En fait, la date de 2006 (ou 2007) donnée par Ausama Monajed n’est pas fortuite comme nous allons nous en rendre compte.
Après avoir analysé une série de câbles Wikileaks relatifs à la Syrie, le Washington Post a révélé que les États-Unis avaient, en secret, financé l’opposition syrienne depuis 2006.

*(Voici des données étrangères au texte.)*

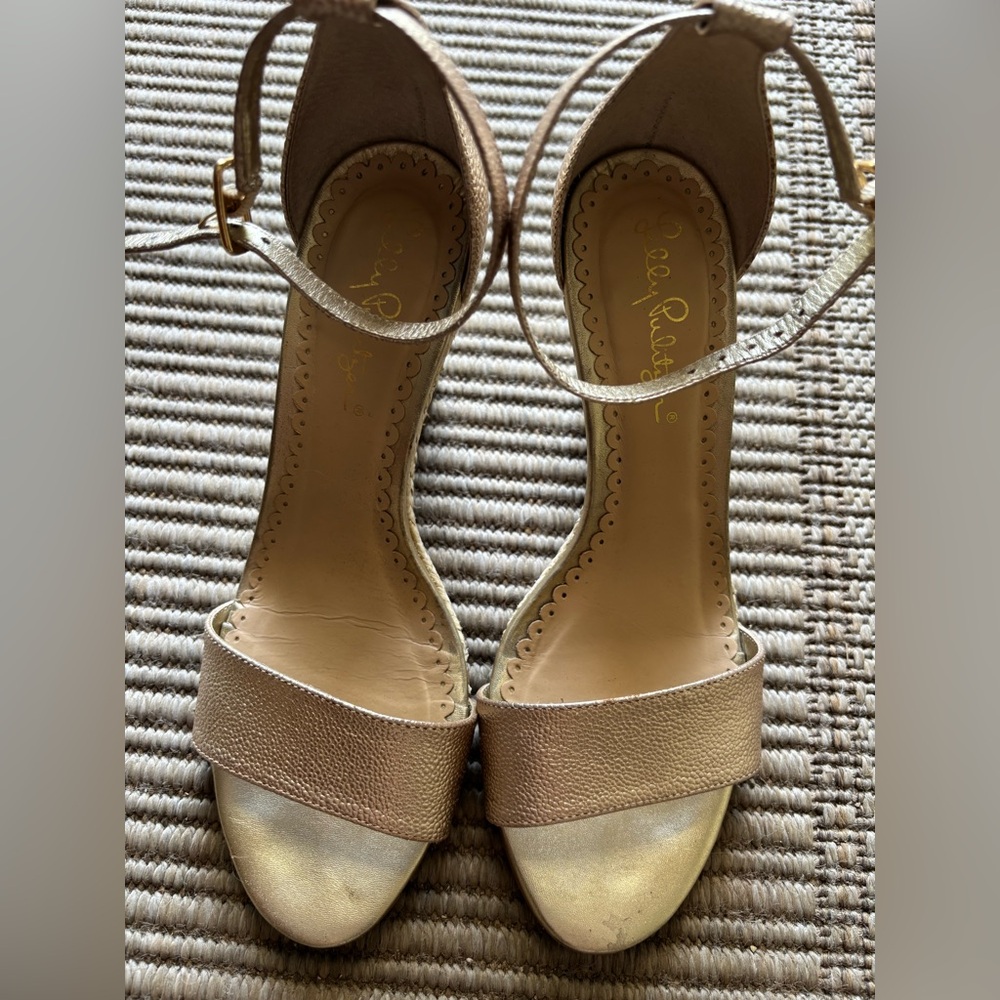 Lilly Pulitzer Gold Heels with Elegant Design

Les dissidents syriens exilés regroupés sous la bannière du « Mouvement pour la justice et le développement » ont reçu quelques 6 millions de dollars pour financer une chaîne de télévision ainsi que diverses « activités » antigouvernementales à l’intérieur de la Syrie. Ces financements ont commencé sous l’administration Bush et ont continué sous celle d’Obama au moins jusqu’en septembre 2010. D’autre part, un télégramme de l’ambassade des États-Unis à Damas révèle qu’une somme de 12 millions de dollars a été versée de 2005 à 2010 au volet syrien d’un programme du Département d’État nommé « Initiative de partenariat pour le Moyen-Orient » (en anglais : “Middle East Partnership Initiative” ou MEPI)[6].

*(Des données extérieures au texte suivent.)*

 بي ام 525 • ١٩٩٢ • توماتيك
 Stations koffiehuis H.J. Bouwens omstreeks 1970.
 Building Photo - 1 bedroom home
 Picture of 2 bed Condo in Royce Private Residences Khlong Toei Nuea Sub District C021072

Notons que le MEPI dépend directement du Département d’État des États-Unis, par l’intermédiaire du Bureau des Affaires du Proche-Orient.
Cet organisme a été fondé en 2002 par Colin Powell, alors secrétaire d’État de George W. Bush, pour créer « une perspective à long terme pour la réforme, pas quelque chose qui va être fait dans un an ou cinq ans »[7].
Comme indiqué dans un rapport rédigé par Stephen McInerney (le directeur exécutif de POMED) et intitulé « Le budget fédéral et des crédits pour l’exercice 2010.
Démocratie, gouvernance et droits de l’homme dans le Moyen-Orient », « MEPI a régulièrement augmenté son travail dans les pays qui n’ont pas de présence de l’USAID comme la Libye, la Syrie et les états du Golfe Persique » [8].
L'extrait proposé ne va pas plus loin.